In the mid-1980s, the company morphed into the Lula Washington Dance Theatre (LWDT). A multiracial troupe of approximately one dozen professional dancers, LWDT tours nationally and internationally. LWDT performs primarily choreography by Lula Washington, Los Angeles’ best-known African American choreographer who received choreography credits for the movies Avatar and The Little Mermaid.

LWDT is a member of The International Association of Blacks in Dance and hosted the IABD annual conference in 1992, 2005, 2011, and 2018.
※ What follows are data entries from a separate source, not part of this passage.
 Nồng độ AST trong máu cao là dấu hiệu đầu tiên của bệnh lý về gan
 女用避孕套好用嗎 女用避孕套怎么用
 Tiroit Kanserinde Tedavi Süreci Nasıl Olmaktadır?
In 2021, LWDT received its second-largest gift in company history,
a nearly one million dollar grant payable over four years from the Andrew W. Mellon Foundation. The gift will fund building upgrades, dancers’ salaries, and administrative support.

==Building==
In 1988, the Lula Washington Contemporary Dance Foundation purchased an approximately 12,600 square-foot former Italian restaurant building on Crenshaw Boulevard in Los Angeles. The building serves as a community cultural center and houses four dance studios, instructional areas, and the LWDT school and administrative offices. In 1994, the Northridge Earthquake destroyed significant parts of the building, and LWDT received a $1.3 million gift—the largest in LWDT’s history—from the Federal Emergency Management Agency to rebuild its building.

==School==
Established in the 1983, the Lula Washington Dance School offers elementary and advanced classes in ballet, jazz, African, tap, and other dance styles. The school’s annual Kwanzaa celebration is a South Los Angeles tradition. The school’s motto is, “I Do Dance, Not Drugs.”

==Notable performances and tours==
LWDT has performed in more than 150 cities in the United States and around the world. Notable venues and tours include:

- Auckland Arts Festival, New Zealand (2025)
- China (25-day tour to Hangzhou, Jiaxing, Kaifeng, Luohe, Wuhan, Xi'an, Xinyang, Xucheng, and Zhengzhou) (2011)
- International Book Fair, LA artists showcase, Guadalajara, Mexico (2010)
- Jacob’s Pillow, Becket, Massachusetts
- John Anson Ford Amphitheatre, Zev Yaroslovsly Signature Series (with Complexions Ballet), Los Angeles (2013)
- Joyce Theatre, New York, NY
- Kennedy Center, Washington, DC
- Lincoln Center Out of Doors, New York, NY
- Montclair State University, New Jersey (2010)
- New Jersey Performing Arts Center, Newark, NJ
- Ordway Theater, Minneapolis, MN (2015)
- Pioneer Center, Reno, Nevada

==Repertoire==
LWDT’s repertoire includes works that explore homelessness, 9/11, police brutality, the Civil Rights movement, and the Underground Railroad, and other topics. The following is a representative sample.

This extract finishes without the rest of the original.